The Duck Thread

Yes, they eat your brain, then they lay eggs in your brain and the baby earwigs hatch and eat more of your brain.
Like the old Night Gallery episode...IMDB summarizes it thus...

"An unscrupulous man who wants the beautiful wife of another colleague pays to have an earwig placed in the husband's ear. This insect will will tunnel through the victim's brain causing excruciating pain and certain death. However, his accomplice enters the wrong bedroom and places the insect in the man's own ear by mistake. After weeks of pain he miraculously survives, but the doctor tells him that his ordeal is not yet over."

Of course the "not over yet" is that it was a pregnant female earwig that has laid its eggs that will hatch and eat their way out.

You will have to excuese me not...I have to go outside and kill every insect within half a mile.
 
Like the old Night Gallery episode...IMDB summarizes it thus...

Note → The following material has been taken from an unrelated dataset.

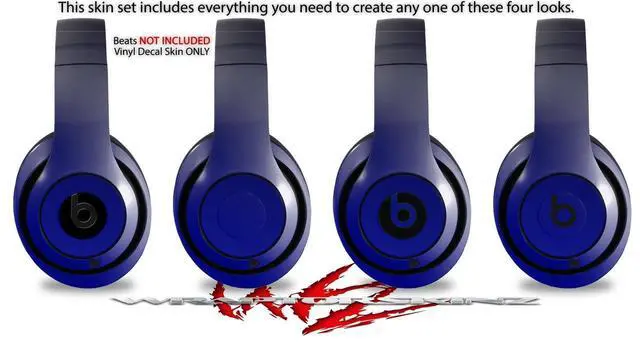 Alt view image 2 of 4 - Skin Decal Wrap Compatible with Beats Studio 2 and 3 Wired and Wirelesss Smooth Fades Blue Black Skin Only Headphones NOT Included
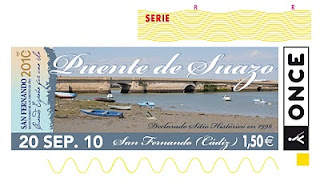 Imagen del cupón del 20 de septiembre, dedicado a la localidad de San Fernando, con motivo del Centenario de las Cortes de Cádiz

"An unscrupulous man who wants the beautiful wife of another colleague pays to have an earwig placed in the husband's ear. This insect will will tunnel through the victim's brain causing excruciating pain and certain death. However, his accomplice enters the wrong bedroom and places the insect in the man's own ear by mistake. After weeks of pain he miraculously survives, but the doctor tells him that his ordeal is not yet over."

Of course the "not over yet" is that it was a pregnant female earwig that has laid its eggs that will hatch and eat their way out.

You will have to excuese me not...I have to go outside and kill every insect within half a mile.

Umm, hello. How do you think I found out about earwigs and brain eating? It was from that episode back when I was like 8 years old. IMDB doesn't explain it quite right for the ending. At the very end of the episode, the doctor tells the guy that he retrieved the earwig after it ate its way through his brain, and that it was female. Then the guy is like, "Okay, so what?" and the doctors says, "Female earwigs lay eggs."
 
Umm, hello. How do you think I found out about earwigs and brain eating? It was from that episode back when I was like 8 years old. IMDB doesn't explain it quite right for the ending. At the very end of the episode, the doctor tells the guy that he retrieved the earwig after it ate its way through his brain, and that it was female. Then the guy is like, "Okay, so what?" and the doctors says, "Female earwigs lay eggs."
At which point Laurence Harvey gets that Emmy winning look of panic and screams...close up on his face and... Cue the end titles. Until next week...and I could not sleep for at least three days. Love those old shows. And I was 24 years old then. What a wuss!!
 
At which point Laurence Harvey gets that Emmy winning look of panic and screams...close up on his face and... Cue the end titles. Until next week...and I could not sleep for at least three days. Love those old shows. And I was 24 years old then. What a wuss!!

Yep, my grandmother reared me and she and I watched Night Gallery, Twilight Zone, all that stuff every week. Horror shows back then were much less gory and much more scary than they are now, and I still very vividly remember some of the episodes. Do you happen to remember the one about serving man?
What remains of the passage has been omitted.